What you are asked to do:
An exact transcript of all the records is required, with nothing left out.

Records for this task:
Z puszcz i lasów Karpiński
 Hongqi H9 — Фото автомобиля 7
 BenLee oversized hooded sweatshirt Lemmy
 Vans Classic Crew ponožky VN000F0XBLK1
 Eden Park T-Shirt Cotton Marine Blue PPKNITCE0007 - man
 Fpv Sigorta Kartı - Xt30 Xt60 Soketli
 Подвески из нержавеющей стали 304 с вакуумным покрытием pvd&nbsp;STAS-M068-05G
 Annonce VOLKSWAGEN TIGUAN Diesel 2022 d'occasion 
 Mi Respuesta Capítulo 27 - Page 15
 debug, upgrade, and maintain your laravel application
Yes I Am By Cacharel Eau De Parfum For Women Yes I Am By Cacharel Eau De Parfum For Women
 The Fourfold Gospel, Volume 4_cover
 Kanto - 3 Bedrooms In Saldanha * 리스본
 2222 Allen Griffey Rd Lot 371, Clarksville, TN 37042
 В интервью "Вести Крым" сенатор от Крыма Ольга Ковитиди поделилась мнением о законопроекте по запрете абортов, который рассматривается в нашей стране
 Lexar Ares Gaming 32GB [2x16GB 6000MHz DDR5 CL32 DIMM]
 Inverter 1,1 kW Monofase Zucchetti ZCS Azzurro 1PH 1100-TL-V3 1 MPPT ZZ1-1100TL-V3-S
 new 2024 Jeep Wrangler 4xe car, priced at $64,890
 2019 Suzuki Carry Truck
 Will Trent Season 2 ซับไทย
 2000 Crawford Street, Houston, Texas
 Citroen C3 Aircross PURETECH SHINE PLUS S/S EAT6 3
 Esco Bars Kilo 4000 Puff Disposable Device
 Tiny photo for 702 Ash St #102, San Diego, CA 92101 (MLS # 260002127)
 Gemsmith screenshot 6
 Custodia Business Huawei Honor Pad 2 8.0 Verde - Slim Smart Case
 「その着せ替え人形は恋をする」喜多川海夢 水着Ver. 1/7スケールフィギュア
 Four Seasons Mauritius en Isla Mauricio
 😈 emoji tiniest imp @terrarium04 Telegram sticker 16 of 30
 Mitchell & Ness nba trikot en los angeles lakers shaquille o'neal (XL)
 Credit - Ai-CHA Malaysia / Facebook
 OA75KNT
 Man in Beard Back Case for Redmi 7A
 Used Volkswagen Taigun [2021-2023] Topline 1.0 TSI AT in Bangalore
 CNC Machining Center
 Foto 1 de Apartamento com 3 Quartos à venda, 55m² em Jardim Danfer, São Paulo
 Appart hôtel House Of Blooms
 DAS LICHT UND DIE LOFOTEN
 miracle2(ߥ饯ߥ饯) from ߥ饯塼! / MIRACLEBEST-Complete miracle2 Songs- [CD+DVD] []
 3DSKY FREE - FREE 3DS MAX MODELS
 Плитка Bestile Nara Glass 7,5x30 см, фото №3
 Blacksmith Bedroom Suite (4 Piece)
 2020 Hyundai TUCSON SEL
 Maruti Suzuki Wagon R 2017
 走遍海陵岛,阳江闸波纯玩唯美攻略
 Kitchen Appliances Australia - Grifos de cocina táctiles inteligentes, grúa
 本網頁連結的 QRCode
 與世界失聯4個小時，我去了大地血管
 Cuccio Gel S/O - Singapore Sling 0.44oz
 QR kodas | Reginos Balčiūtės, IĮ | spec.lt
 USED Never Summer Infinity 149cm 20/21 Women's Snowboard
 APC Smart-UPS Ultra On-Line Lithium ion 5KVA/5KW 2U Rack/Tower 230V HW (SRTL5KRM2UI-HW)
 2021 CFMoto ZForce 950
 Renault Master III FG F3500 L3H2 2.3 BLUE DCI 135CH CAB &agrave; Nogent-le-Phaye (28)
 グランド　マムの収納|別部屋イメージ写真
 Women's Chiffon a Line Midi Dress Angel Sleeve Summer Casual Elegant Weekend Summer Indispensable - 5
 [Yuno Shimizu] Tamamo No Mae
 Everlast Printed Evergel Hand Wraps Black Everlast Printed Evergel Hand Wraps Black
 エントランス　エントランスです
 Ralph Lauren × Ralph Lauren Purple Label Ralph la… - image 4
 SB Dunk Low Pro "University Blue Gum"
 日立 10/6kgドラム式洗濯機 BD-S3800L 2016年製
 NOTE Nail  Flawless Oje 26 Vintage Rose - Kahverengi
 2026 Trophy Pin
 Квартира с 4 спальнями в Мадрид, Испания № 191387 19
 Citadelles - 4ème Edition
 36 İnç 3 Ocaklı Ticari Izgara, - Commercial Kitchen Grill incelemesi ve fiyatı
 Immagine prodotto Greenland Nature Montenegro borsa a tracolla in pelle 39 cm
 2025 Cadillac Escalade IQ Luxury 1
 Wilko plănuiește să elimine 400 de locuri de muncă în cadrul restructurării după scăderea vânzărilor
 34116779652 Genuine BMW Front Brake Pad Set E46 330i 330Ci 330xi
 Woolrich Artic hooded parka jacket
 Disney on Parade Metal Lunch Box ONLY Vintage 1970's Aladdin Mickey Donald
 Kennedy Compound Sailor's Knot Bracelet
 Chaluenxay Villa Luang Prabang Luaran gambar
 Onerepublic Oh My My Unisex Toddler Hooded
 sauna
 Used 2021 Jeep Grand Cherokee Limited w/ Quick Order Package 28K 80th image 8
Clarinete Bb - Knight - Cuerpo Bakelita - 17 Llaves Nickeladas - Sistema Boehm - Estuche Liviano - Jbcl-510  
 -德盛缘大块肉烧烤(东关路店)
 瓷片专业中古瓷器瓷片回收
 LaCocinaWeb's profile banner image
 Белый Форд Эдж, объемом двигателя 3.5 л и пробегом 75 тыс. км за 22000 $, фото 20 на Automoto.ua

Problem solution:
Z puszcz i lasów Karpiński
 Hongqi H9 — Фото автомобиля 7
 BenLee oversized hooded sweatshirt Lemmy
 Vans Classic Crew ponožky VN000F0XBLK1
 Eden Park T-Shirt Cotton Marine Blue PPKNITCE0007 - man
 Fpv Sigorta Kartı - Xt30 Xt60 Soketli
 Подвески из нержавеющей стали 304 с вакуумным покрытием pvd&nbsp;STAS-M068-05G
 Annonce VOLKSWAGEN TIGUAN Diesel 2022 d'occasion 
 Mi Respuesta Capítulo 27 - Page 15
 debug, upgrade, and maintain your laravel application
Yes I Am By Cacharel Eau De Parfum For Women Yes I Am By Cacharel Eau De Parfum For Women
 The Fourfold Gospel, Volume 4_cover
 Kanto - 3 Bedrooms In Saldanha * 리스본
 2222 Allen Griffey Rd Lot 371, Clarksville, TN 37042
 В интервью "Вести Крым" сенатор от Крыма Ольга Ковитиди поделилась мнением о законопроекте по запрете абортов, который рассматривается в нашей стране
 Lexar Ares Gaming 32GB [2x16GB 6000MHz DDR5 CL32 DIMM]
 Inverter 1,1 kW Monofase Zucchetti ZCS Azzurro 1PH 1100-TL-V3 1 MPPT ZZ1-1100TL-V3-S
 new 2024 Jeep Wrangler 4xe car, priced at $64,890
 2019 Suzuki Carry Truck
 Will Trent Season 2 ซับไทย
 2000 Crawford Street, Houston, Texas
 Citroen C3 Aircross PURETECH SHINE PLUS S/S EAT6 3
 Esco Bars Kilo 4000 Puff Disposable Device
 Tiny photo for 702 Ash St #102, San Diego, CA 92101 (MLS # 260002127)
 Gemsmith screenshot 6
 Custodia Business Huawei Honor Pad 2 8.0 Verde - Slim Smart Case
 「その着せ替え人形は恋をする」喜多川海夢 水着Ver. 1/7スケールフィギュア
 Four Seasons Mauritius en Isla Mauricio
 😈 emoji tiniest imp @terrarium04 Telegram sticker 16 of 30
 Mitchell & Ness nba trikot en los angeles lakers shaquille o'neal (XL)
 Credit - Ai-CHA Malaysia / Facebook
 OA75KNT
 Man in Beard Back Case for Redmi 7A
 Used Volkswagen Taigun [2021-2023] Topline 1.0 TSI AT in Bangalore
 CNC Machining Center
 Foto 1 de Apartamento com 3 Quartos à venda, 55m² em Jardim Danfer, São Paulo
 Appart hôtel House Of Blooms
 DAS LICHT UND DIE LOFOTEN
 miracle2(ߥ饯ߥ饯) from ߥ饯塼! / MIRACLEBEST-Complete miracle2 Songs- [CD+DVD] []
 3DSKY FREE - FREE 3DS MAX MODELS
 Плитка Bestile Nara Glass 7,5x30 см, фото №3
 Blacksmith Bedroom Suite (4 Piece)
 2020 Hyundai TUCSON SEL
 Maruti Suzuki Wagon R 2017
 走遍海陵岛,阳江闸波纯玩唯美攻略
 Kitchen Appliances Australia - Grifos de cocina táctiles inteligentes, grúa
 本網頁連結的 QRCode
 與世界失聯4個小時，我去了大地血管
 Cuccio Gel S/O - Singapore Sling 0.44oz
 QR kodas | Reginos Balčiūtės, IĮ | spec.lt
 USED Never Summer Infinity 149cm 20/21 Women's Snowboard
 APC Smart-UPS Ultra On-Line Lithium ion 5KVA/5KW 2U Rack/Tower 230V HW (SRTL5KRM2UI-HW)
 2021 CFMoto ZForce 950
 Renault Master III FG F3500 L3H2 2.3 BLUE DCI 135CH CAB &agrave; Nogent-le-Phaye (28)
 グランド　マムの収納|別部屋イメージ写真
 Women's Chiffon a Line Midi Dress Angel Sleeve Summer Casual Elegant Weekend Summer Indispensable - 5
 [Yuno Shimizu] Tamamo No Mae
 Everlast Printed Evergel Hand Wraps Black Everlast Printed Evergel Hand Wraps Black
 エントランス　エントランスです
 Ralph Lauren × Ralph Lauren Purple Label Ralph la… - image 4
 SB Dunk Low Pro "University Blue Gum"
 日立 10/6kgドラム式洗濯機 BD-S3800L 2016年製
 NOTE Nail  Flawless Oje 26 Vintage Rose - Kahverengi
 2026 Trophy Pin
 Квартира с 4 спальнями в Мадрид, Испания № 191387 19
 Citadelles - 4ème Edition
 36 İnç 3 Ocaklı Ticari Izgara, - Commercial Kitchen Grill incelemesi ve fiyatı
 Immagine prodotto Greenland Nature Montenegro borsa a tracolla in pelle 39 cm
 2025 Cadillac Escalade IQ Luxury 1
 Wilko plănuiește să elimine 400 de locuri de muncă în cadrul restructurării după scăderea vânzărilor
 34116779652 Genuine BMW Front Brake Pad Set E46 330i 330Ci 330xi
 Woolrich Artic hooded parka jacket
 Disney on Parade Metal Lunch Box ONLY Vintage 1970's Aladdin Mickey Donald
 Kennedy Compound Sailor's Knot Bracelet
 Chaluenxay Villa Luang Prabang Luaran gambar
 Onerepublic Oh My My Unisex Toddler Hooded
 sauna
 Used 2021 Jeep Grand Cherokee Limited w/ Quick Order Package 28K 80th image 8
Clarinete Bb - Knight - Cuerpo Bakelita - 17 Llaves Nickeladas - Sistema Boehm - Estuche Liviano - Jbcl-510  
 -德盛缘大块肉烧烤(东关路店)
 瓷片专业中古瓷器瓷片回收
 LaCocinaWeb's profile banner image
 Белый Форд Эдж, объемом двигателя 3.5 л и пробегом 75 тыс. км за 22000 $, фото 20 на Automoto.ua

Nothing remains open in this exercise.